What to produce » I'd like an exact copy of only the lines from the start of the listing below through the line that holds "If we head here". Please keep the pictures out.

Stored data »

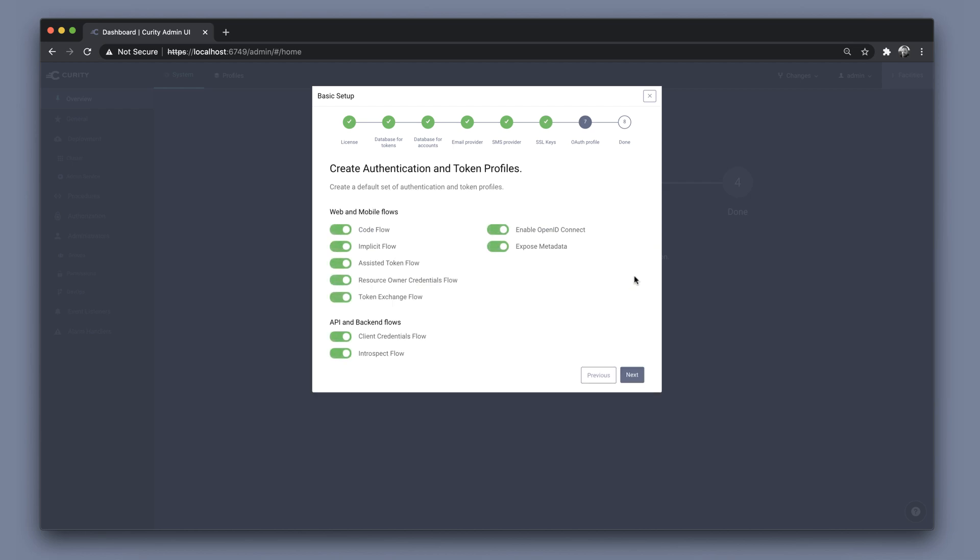Lastly, we get to choose what capabilities that we want to enable in this system. I'm going to leave all enabled by default and click Next.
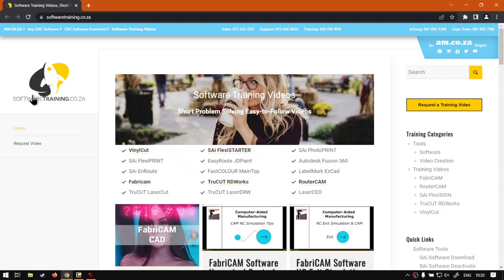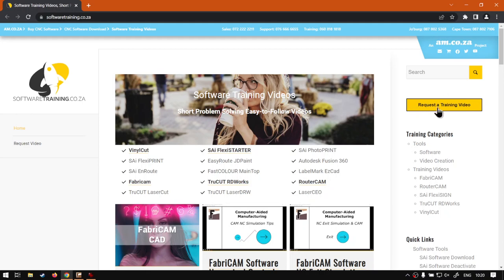If we head here to softwaretraining.co.za, you guys will notice we've got a variety of different softwares we do cover, and you can also isolate your search on the top right. If you do not however find the training videos you're looking for, just simply go here, request the training video, fill in the mini form, and then we'll do our best to try and make that for you. But otherwise, thanks guys for watching, and cheers.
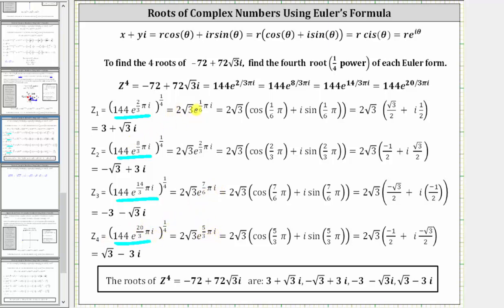To write the four complex solutions in the form x plus yi, we convert the exponential forms to polar form and evaluate. Recall polar form is r times the quantity cosine theta plus i sine theta. For all four roots, r equals two square root three. Theta is one-sixth pi for z sub one, two-thirds pi for z sub two, seven-sixths pi for z sub three, and five-thirds pi for z sub four.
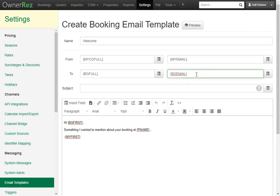They can be hard-coded email addresses for people like cleaners that never change. Simply add a semicolon and the email address for something like a cleaner. If you had it set like this, it would get sent to the booking and the cleaner.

Response area »
Lastly, we get to choose what capabilities that we want to enable in this system. I'm going to leave all enabled by default and click Next.
If we head here to softwaretraining.co.za, you guys will notice we've got a variety of different softwares we do cover, and you can also isolate your search on the top right. If you do not however find the training videos you're looking for, just simply go here, request the training video, fill in the mini form, and then we'll do our best to try and make that for you. But otherwise, thanks guys for watching, and cheers.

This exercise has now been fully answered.